*Task inputs*:
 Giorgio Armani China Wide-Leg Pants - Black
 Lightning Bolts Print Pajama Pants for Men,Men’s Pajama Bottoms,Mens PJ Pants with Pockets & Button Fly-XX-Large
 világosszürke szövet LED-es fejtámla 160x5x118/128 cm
...
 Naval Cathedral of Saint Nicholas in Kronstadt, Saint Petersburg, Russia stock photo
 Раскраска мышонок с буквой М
...
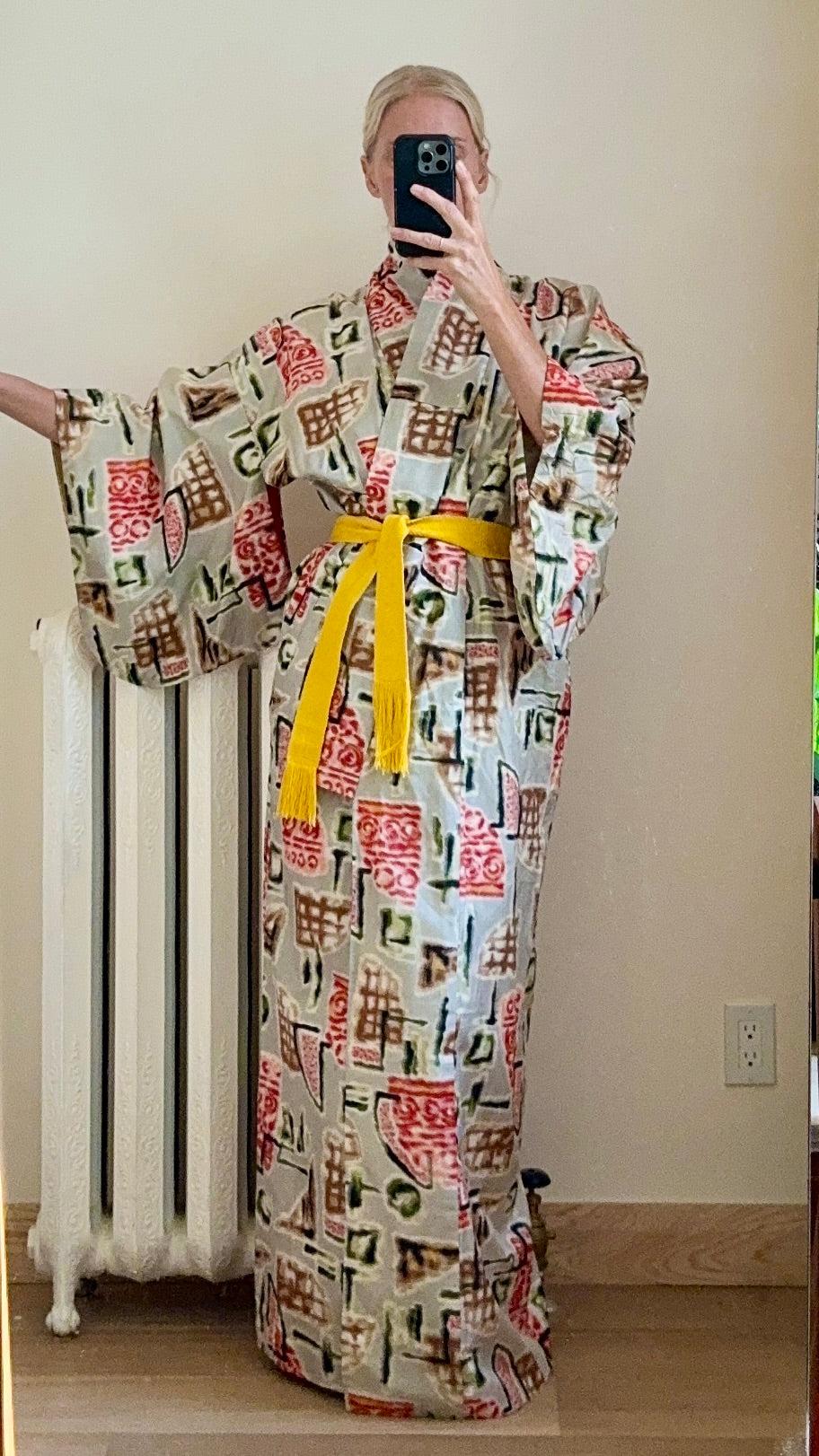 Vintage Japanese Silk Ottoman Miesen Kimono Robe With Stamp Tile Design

*What you need to do*: For the word "Pants", find every line in the data that holds it and copy that line.

*Response to this task*:
 Giorgio Armani China Wide-Leg Pants - Black
 Lightning Bolts Print Pajama Pants for Men,Men’s Pajama Bottoms,Mens PJ Pants with Pockets & Button Fly-XX-Large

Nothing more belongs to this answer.